Il nostro codice penale condanna tutti coloro che violano le disposizioni, minorenni compresi. Difatti, chi ha compiuto 14 anni e commette un reato è perseguibile penalmente e può essere sottoposto ad un processo per bullismo. Questa regola si ricava dal combinato disposto degli articoli 97 e 98 del codice penale.

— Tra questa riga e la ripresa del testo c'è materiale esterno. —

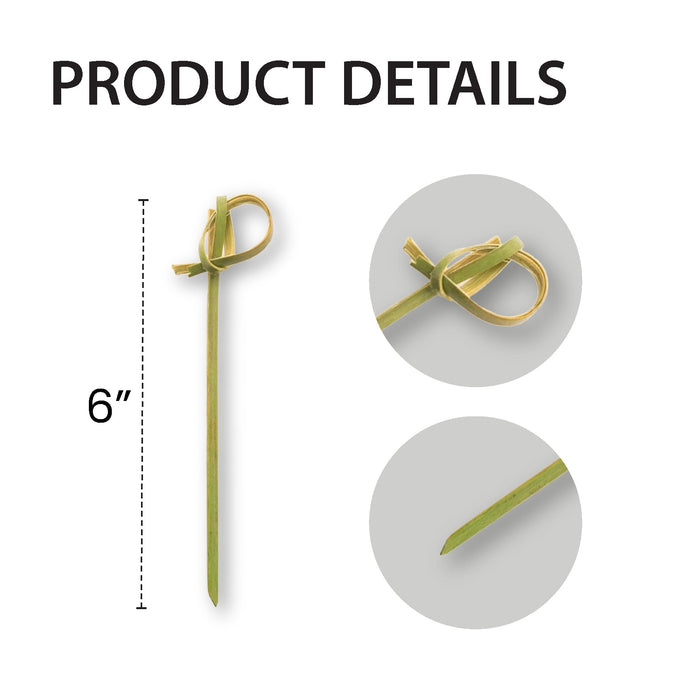 Eco-Craze - Bamboo Knot Pick - 6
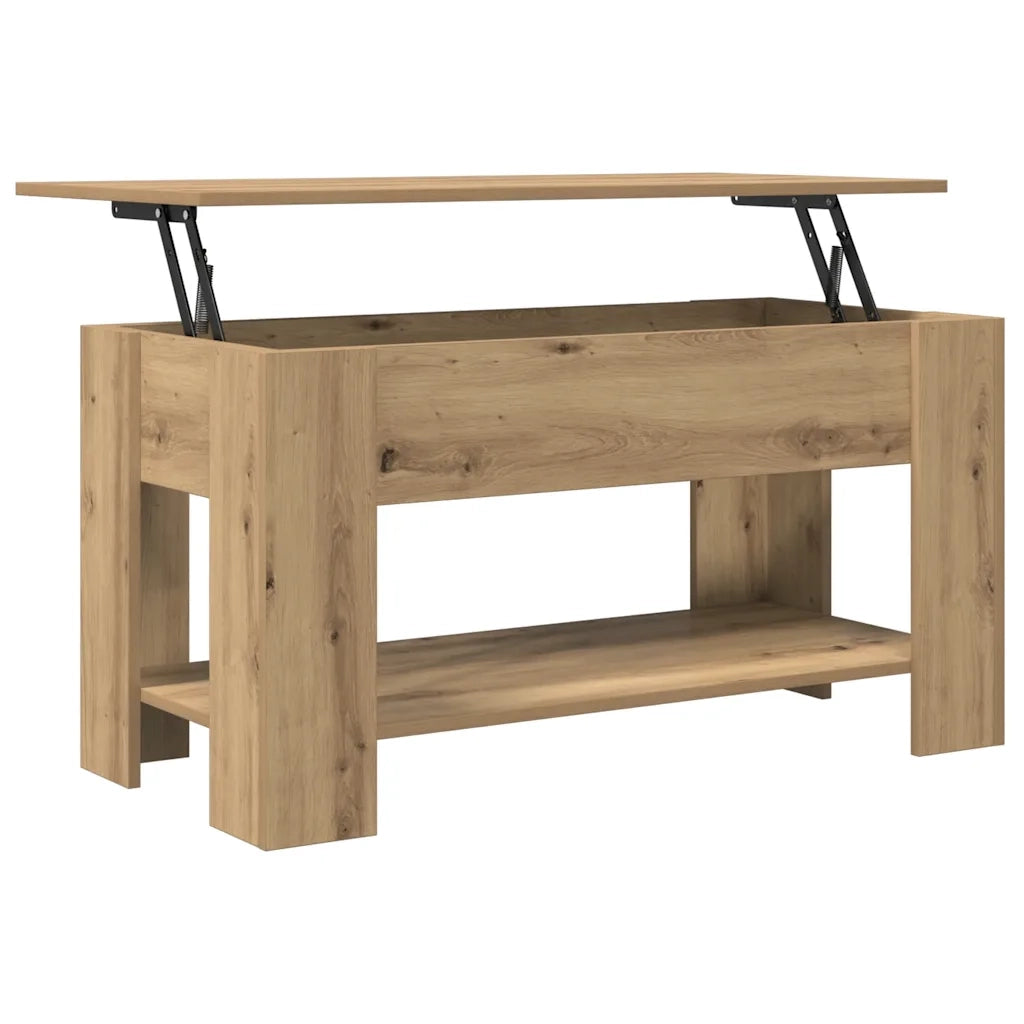 vidaXL Tavolino Salotto Rovere Artigianale 101x49x52 cm in Truciolato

  • Art 97 cp: Non è imputabile chi, nel momento in cui ha commesso il fatto, non aveva compiuto i quattordici anni
  • Art 98 cp comma 1: “È imputabile chi, nel momento in cui ha commesso il fatto aveva compiuto i quattordici anni, ma non ancora i diciotto, se aveva capacità d’intendere e di volere; ma la pena è diminuita

Soggiacciono a fattispecie giuridiche differenti i genitori o chi esercita la patria potestà sul minore. Difatti, l’art 2048 del codice civile prevede che:

  • Il padre e la madre, o il tutore sono responsabili del danno cagionato dal fatto illecito dei figli minori non emancipati o delle persone soggette alla tutela, che abitano con essi. La stessa disposizione si applica all’affiliante”
  • I precettori e coloro che insegnano un mestiere o un’arte sono responsabili del danno cagionato dal fatto illecito dei loro allievi e apprendisti nel tempo in cui sono sotto la loro vigilanza.
  • Le persone indicate dai commi precedenti sono liberate dalla responsabilità soltanto se provano di non aver potuto impedire il fatto.

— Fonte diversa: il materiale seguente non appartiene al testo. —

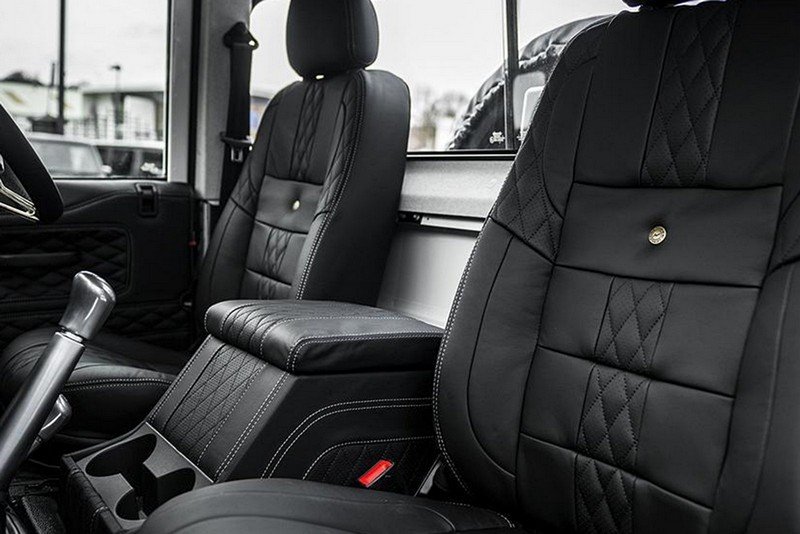 Project Kahn Pickup 2 Seats Comfort Leather Interior for Defender 110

Tale arresto normativo postula l’esistenza di un fatto illecito compiuto da un minore capace di intendere e di volere in relazione al quale è configurabile la culpa in educando e la culpa in vigilando. Pertanto, la responsabilità dei genitori viene a concorrere con la responsabilità del minore. “Tale responsabilità è una forma di responsabilità diretta, per fatto proprio, cioè per non avere, con idoneo comportamento, impedito il fatto dannoso. I genitori, per sottrarsi alla presunzione di responsabilità dovranno provare di non aver potuto impedire il fatto, fornendo come prova la dimostrazione di aver osservato i precetti imposti dall’ articolo 147 del codice civile relativo ai doveri verso i figli, tra i quali quello di educare la prole” (Sentenza Corte di Cassazione Civile n. 154197/2004). Per gli insegnanti e precettori, invece, “la prova liberatoria consiste nel fornire elementi volti a dimostrare di aver adottato, in via preventiva, tutte le misure disciplinari o organizzative idonee a evitare il sorgere di una situazione di pericolo e di non aver potuto impedire il verificarsi dell’evento dannoso poiché imprevedibile” (Sentenza Cassazione Civile n.09/9542).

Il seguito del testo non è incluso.